Soufian, der auf der Couch saß, sah, wie traurig seine Cousine aussah. Ohne ein weiteres Wort zu verlieren, stand er auf und folgte ihr. Sie liefen eine Weile schweigend nebeneinander her, bis sie eine kleine Parkbank entdeckten. Yasmin setzte sich darauf und starrte in die Ferne. Schließlich brach sie das Schweigen: "Es gibt niemanden mehr, dem man die Schuld geben kann, außer mir. Ich bin selbst schuld an allem, Souf."

Er setzte sich neben sie und schaute sie ernst an. "Yas, du verletzt mich langsam", sagte er mit leiser Stimme, in der sich Tränen abzeichneten. Yasmin schaute ihn geschockt an. Noch nie hatte sie ihren Cousin so emotional gesehen. Soufian war immer der Fels in der Brandung gewesen – stark, unerschütterlich.
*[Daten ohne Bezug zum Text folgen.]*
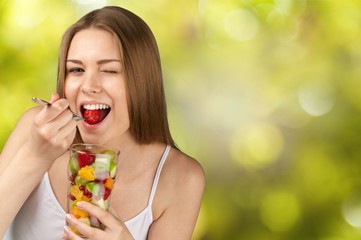 Attractive caucasian woman with fruit salad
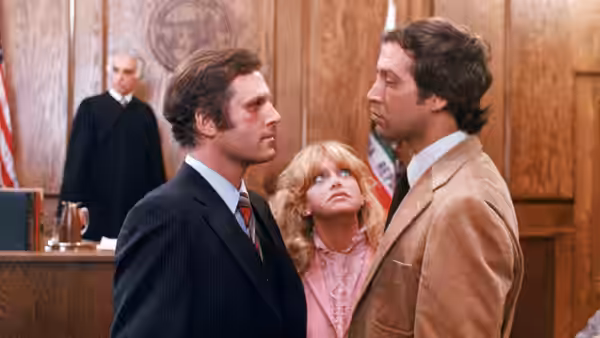 Glenda Parks (Goldie Hawn) stands between Ira Parks (Charles Grodin) and Nick Gardenia (Chevy Chase) in court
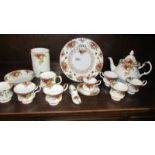 Six Royal Albert old country roses tea cups, a teapot, a coffee cup with saucers, utensil jar etc.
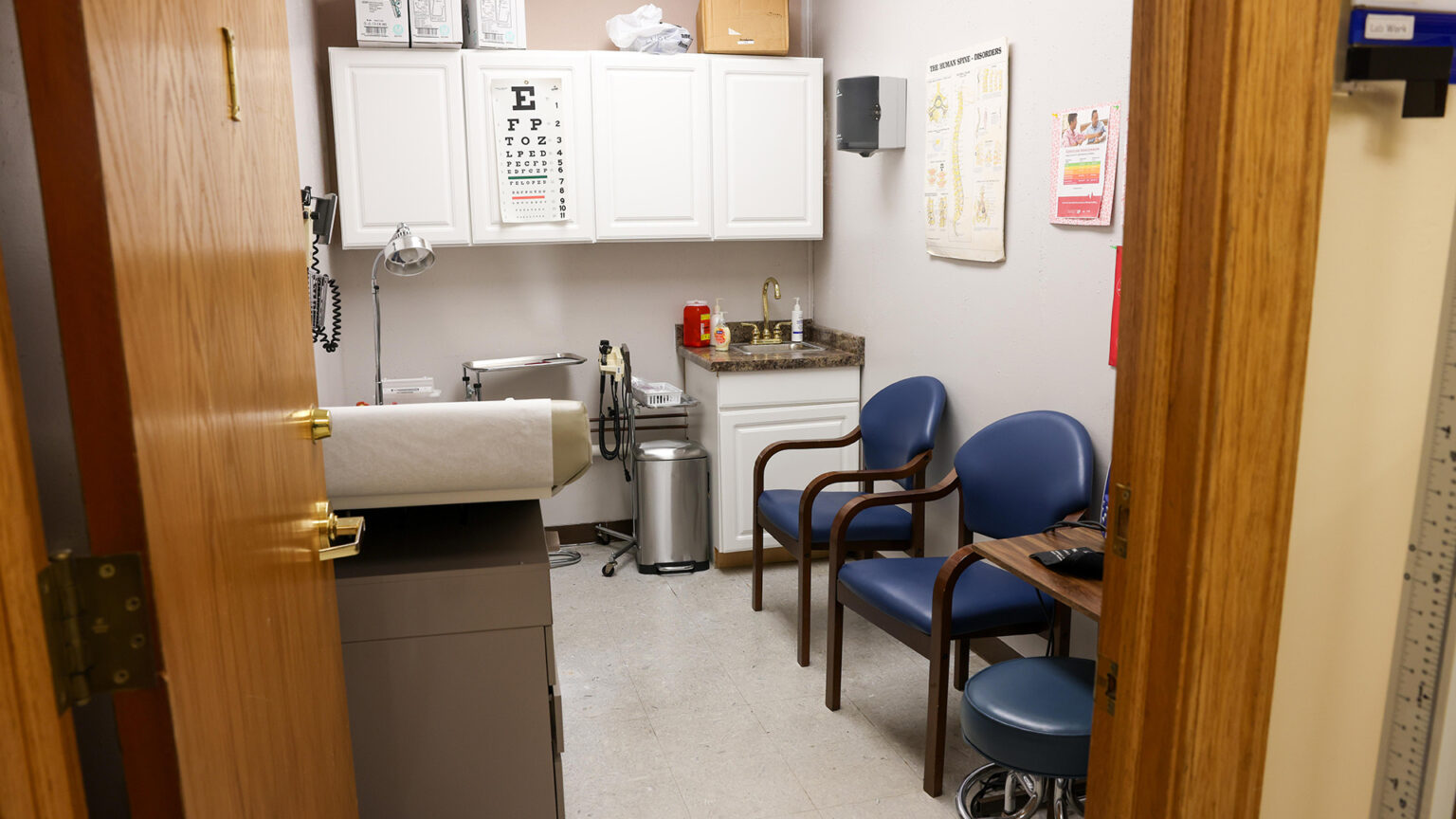 A room with an exam table, two wood arm chairs with padded seats and backs, and a padded stool under a table sit in a room with cabinets, a sink, and other items along a back wall, with an eye chart displayed on a cabinet door and a graphic showing a spinal column on a wall, with an open wood door and its frame in the foreground.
"Ich weiß nicht, was mit dir in letzter Zeit los ist", fuhr er fort, "aber es tut mir weh, dich so zu sehen. Ich habe mir mein ganzes Leben lang geschworen, dich zu beschützen, immer für dich da zu sein. Aber ich habe das Gefühl, dass ich das nicht schaffe. Dass ich dich verliere."

Yasmin schluckte hart. Soufian war immer für sie da gewesen. Er war derjenige, der sie aufgefangen hatte, als sie gefallen war. Doch in letzter Zeit hatte sie sich von allen zurückgezogen, sich in ihren eigenen Schmerz verkrochen. "Souf, es ist nicht deine Schuld", sagte sie leise, ihre Stimme brach fast. "Du hast mich immer beschützt. Du kannst aber nicht für alles verantwortlich sein. Es gibt Dinge, die ich alleine bewältigen muss."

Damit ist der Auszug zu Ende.